Brésil : le naufrage d’une nation
Brésil : le naufrage d’une nation
Editorial. Après l’agression au couteau visant le candidat d’extrême droite Jair Bolsonaro, la campagne présidentielle risque de se radicaliser davantage encore, dans un pays qui semble avoir perdu le contrôle de son destin.
Editorial du « Monde ». A un mois de l’élection présidentielle, la tentative d’assassinat visant, jeudi 6 septembre, le candidat d’extrême droite Jair Bolsonaro fait peser une nouvelle menace sur la jeune démocratie brésilienne. Immédiatement et unanimement condamnée, cette agression commise par un personnage présenté comme déséquilibré témoigne du climat extrêmement tendu qui prévaut actuellement. Depuis la destitution (impeachment) controversé de la présidente de gauche Dilma Rousseff, en 2016, le pays semble avoir perdu le contrôle de son destin.
Tout y contribue. Une société qui se sent abandonnée. Les balles perdues qui fauchent les enfants des quartiers populaires aux mains des gangs. Des représentants de la société civile assassinés en plein jour. Une classe politique aussi affligeante que vieillissante, minée par la corruption. Dans ce contexte délétère, l’incendie qui a ravagé le Musée national de Rio, le 2 septembre, est apparu comme le symbole de l’incurie de l’Etat. Certains parlent du suicide d’une nation. Cela en a tout l’air.
Le pays était au bord de la révolte en juin 2013. Il est aujourd’hui totalement déboussolé. Les Brésiliens se cherchent un chef capable, espèrent-ils, de redonner au pays sa splendeur perdue. Les uns le voient en Jair Bolsonaro, ce militaire de réserve au discours hargneux et provocateur. Les autres continuent à s’en remettre à l’ancien président Luiz Inacio Lula da Silva, emprisonné pour corruption. Tous deux sont en tête des sondages. Aucun d’eux, désormais, ne peut faire campagne.
Il est trop tôt pour évaluer les conséquences politiques de l’agression subie par le candidat d’extrême droite. Mais, à l’instar de la gauche, chérissant un Lula comparé à « un prisonnier politique », l’extrême droite a maintenant son martyr. Et, à en croire le fils de Jair Bolsonaro, Flavio, ce statut serait à même de propulser son père « plus fort que jamais » à la fonction suprême dès le premier tour de l’élection.
Sortir le pays d’une crise politique, morale et institutionnelle
L’hypothèse est sans doute exagérée. Mais la commotion nationale provoquée par cette attaque indigne d’une démocratie devrait porter le candidat dans les sondages. La seule force du drame occulte les débats, les échanges d’idées, les nécessaires propositions pour sortir le pays d’une crise politique, morale et institutionnelle.
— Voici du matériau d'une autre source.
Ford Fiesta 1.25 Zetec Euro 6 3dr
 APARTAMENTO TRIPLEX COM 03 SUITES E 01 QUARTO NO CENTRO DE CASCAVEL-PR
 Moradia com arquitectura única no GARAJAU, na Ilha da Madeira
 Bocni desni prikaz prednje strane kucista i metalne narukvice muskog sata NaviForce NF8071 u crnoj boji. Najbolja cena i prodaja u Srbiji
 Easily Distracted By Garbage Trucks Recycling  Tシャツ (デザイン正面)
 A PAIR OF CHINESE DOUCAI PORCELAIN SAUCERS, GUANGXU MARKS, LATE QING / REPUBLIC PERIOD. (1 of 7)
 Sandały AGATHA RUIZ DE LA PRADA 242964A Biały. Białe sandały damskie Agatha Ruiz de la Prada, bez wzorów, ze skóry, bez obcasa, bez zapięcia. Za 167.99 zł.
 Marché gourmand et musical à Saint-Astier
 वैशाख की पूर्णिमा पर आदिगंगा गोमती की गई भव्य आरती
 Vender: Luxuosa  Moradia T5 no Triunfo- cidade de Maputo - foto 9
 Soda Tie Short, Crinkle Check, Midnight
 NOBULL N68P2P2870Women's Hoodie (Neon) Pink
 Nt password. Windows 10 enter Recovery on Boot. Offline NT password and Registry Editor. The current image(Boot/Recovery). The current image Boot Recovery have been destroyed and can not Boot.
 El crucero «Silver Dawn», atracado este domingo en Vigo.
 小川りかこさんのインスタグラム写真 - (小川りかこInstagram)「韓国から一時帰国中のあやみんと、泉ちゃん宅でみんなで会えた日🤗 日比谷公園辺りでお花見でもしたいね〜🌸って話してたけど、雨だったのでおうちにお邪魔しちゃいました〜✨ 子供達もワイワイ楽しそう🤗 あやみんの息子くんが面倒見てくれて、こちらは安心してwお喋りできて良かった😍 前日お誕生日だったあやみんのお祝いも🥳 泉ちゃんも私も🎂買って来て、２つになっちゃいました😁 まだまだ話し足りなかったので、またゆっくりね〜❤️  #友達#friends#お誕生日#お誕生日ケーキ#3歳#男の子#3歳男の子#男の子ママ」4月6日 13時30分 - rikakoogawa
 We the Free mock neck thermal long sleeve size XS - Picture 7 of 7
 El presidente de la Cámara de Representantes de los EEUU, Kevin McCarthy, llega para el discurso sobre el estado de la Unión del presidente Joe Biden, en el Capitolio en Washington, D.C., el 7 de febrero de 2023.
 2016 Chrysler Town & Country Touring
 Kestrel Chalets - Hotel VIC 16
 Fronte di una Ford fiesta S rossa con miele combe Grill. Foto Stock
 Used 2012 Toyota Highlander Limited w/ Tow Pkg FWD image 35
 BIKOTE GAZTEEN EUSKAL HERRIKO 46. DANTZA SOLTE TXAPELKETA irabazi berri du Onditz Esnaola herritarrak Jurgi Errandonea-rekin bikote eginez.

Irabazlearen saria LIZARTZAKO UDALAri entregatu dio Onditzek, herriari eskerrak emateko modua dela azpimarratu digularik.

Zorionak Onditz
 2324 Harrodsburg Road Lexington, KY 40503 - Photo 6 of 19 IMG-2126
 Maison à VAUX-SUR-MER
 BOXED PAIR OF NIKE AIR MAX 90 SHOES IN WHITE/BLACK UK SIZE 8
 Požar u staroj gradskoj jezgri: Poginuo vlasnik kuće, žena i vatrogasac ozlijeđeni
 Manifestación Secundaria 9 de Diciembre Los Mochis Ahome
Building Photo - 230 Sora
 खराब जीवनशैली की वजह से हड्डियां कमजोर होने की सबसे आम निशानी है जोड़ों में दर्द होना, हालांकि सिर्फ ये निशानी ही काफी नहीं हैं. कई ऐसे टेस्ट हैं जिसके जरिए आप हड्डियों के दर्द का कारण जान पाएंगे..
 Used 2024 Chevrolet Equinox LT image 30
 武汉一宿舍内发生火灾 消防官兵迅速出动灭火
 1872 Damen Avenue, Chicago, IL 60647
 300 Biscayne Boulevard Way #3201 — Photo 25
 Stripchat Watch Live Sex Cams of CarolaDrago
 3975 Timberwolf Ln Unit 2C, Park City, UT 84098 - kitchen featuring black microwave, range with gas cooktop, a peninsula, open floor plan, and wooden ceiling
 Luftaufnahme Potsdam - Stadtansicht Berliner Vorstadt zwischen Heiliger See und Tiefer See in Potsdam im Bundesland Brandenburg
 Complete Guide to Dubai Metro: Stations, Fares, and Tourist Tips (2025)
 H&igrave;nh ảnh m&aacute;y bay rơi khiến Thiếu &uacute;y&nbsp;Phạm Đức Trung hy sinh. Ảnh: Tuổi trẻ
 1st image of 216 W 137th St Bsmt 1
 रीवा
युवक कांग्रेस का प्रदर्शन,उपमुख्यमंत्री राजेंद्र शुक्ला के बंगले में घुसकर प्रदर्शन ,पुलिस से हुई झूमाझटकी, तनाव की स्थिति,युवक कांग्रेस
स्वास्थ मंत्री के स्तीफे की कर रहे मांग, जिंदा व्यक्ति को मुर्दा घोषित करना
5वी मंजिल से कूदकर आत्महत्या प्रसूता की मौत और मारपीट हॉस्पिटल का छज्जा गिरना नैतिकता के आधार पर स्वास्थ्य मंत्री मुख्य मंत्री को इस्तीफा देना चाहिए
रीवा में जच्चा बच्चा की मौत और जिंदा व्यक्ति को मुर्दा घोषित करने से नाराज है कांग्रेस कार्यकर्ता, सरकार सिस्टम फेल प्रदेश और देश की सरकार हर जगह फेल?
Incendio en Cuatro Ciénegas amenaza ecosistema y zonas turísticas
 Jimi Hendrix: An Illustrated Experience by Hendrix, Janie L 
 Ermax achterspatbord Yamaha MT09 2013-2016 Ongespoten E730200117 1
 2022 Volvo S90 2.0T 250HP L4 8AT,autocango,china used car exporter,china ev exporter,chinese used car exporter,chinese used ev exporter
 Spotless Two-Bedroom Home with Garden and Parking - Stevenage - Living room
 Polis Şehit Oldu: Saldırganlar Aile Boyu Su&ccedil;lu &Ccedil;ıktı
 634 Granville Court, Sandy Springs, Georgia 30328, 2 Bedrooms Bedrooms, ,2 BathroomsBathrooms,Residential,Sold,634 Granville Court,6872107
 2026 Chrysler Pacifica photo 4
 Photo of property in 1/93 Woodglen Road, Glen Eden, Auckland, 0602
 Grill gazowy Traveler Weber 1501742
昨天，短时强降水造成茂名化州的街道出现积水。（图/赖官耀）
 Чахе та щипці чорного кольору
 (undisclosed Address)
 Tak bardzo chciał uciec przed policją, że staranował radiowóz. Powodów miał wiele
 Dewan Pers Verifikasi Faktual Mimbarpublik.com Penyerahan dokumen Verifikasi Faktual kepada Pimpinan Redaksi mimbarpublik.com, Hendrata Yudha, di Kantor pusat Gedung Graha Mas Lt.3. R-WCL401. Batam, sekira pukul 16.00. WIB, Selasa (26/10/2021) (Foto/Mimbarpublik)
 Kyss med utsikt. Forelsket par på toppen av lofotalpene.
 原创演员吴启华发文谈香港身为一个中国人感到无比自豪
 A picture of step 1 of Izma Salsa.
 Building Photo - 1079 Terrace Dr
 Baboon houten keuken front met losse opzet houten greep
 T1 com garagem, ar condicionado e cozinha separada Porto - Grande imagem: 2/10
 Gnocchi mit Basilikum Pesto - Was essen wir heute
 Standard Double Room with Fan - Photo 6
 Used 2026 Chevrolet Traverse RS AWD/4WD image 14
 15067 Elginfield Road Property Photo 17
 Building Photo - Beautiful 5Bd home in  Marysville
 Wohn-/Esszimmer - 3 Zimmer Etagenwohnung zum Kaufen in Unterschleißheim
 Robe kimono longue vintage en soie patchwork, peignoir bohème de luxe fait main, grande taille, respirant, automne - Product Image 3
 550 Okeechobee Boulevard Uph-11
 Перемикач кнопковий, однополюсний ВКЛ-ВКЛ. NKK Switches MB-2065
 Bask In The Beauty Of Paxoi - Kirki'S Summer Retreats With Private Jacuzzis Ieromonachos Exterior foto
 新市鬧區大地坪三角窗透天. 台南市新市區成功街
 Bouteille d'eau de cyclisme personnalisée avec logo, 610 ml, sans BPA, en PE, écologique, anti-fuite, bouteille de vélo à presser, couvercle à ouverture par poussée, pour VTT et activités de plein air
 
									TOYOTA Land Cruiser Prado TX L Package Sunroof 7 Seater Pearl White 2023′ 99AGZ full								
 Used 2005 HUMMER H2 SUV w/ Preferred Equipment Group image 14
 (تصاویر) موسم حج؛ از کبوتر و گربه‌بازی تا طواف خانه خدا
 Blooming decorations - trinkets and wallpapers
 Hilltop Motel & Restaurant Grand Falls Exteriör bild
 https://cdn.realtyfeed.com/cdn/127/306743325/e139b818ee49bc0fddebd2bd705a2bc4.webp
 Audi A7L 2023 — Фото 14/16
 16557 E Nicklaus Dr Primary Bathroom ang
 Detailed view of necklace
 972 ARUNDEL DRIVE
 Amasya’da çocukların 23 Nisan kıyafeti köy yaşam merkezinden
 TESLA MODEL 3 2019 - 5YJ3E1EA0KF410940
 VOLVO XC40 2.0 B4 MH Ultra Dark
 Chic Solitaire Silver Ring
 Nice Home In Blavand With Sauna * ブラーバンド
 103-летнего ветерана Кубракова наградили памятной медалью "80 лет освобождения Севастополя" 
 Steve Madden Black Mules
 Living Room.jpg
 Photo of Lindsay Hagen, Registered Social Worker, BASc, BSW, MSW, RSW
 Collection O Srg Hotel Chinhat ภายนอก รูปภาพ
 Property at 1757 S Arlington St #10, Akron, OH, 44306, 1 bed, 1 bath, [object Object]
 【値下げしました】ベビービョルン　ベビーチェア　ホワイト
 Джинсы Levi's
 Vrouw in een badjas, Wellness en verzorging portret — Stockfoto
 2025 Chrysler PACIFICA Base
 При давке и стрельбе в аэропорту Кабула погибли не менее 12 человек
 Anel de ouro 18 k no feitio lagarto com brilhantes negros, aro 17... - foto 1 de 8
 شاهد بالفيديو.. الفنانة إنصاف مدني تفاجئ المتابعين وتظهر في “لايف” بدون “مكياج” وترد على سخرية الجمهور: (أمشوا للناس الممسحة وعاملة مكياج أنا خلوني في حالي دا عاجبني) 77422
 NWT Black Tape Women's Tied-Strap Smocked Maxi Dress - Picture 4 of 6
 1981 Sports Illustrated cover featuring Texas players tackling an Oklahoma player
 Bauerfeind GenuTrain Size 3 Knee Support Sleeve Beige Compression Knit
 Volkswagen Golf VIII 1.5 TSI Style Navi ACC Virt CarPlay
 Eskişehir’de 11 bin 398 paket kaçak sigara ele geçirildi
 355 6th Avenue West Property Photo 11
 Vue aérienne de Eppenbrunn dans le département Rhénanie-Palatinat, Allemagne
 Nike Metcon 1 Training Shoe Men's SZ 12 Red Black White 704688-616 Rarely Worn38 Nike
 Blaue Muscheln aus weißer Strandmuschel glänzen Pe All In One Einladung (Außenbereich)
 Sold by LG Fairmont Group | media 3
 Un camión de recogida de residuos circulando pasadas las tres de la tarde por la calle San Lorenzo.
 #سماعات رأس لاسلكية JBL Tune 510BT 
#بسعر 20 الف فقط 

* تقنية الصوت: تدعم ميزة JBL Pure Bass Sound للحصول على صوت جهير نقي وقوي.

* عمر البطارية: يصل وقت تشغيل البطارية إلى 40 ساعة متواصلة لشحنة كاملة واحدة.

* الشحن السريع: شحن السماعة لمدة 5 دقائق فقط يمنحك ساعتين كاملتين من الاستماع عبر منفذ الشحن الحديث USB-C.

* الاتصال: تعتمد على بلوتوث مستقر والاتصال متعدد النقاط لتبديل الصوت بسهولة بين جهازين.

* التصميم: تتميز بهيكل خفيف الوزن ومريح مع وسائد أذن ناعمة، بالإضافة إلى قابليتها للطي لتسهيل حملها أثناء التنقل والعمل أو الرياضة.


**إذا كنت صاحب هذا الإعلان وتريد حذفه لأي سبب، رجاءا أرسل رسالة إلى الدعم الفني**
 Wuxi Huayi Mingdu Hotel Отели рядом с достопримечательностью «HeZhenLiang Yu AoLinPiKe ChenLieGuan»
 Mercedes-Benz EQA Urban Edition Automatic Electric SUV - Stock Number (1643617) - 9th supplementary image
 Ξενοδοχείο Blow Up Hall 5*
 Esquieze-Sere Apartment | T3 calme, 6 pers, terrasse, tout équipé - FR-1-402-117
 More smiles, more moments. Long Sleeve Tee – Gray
Un séjour prolongé à l’hôpital épargnerait à Jair Bolsonaro toute confrontation télévisée et lui permettrait de contrôler son message par le biais de ses vidéos de téléphone portable et de ses publications sur les réseaux sociaux.
La campagne présidentielle était déjà violente. On peut craindre qu’elle se radicalise davantage encore. Il y a six mois, la caravane de l’ancien président Lula a été criblée de balles. Après son incarcération, en avril, un militant venu le soutenir a été blessé par des tirs. Puis ce furent les mots incendiaires de Jair Bolsonaro appelant, lors d’un de ses meetings, à fusiller les « petralhas », autre nom donné aux militants du parti des travailleurs (PT, gauche) de Lula. L’agression au couteau contre le candidat d’extrême droite marque une étape supplémentaire dans cette escalade hors de contrôle et fait mentir l’image de ce « pays cordial » que serait le Brésil.
Il reste à espérer que cet épisode dramatique opère comme un électrochoc. Et qu’il incite l’ensemble de la société brésilienne à trouver une solution démocratique à l’ensemble de ses maux. A ce stade, hélas ! cela semble relever du vœu pieux.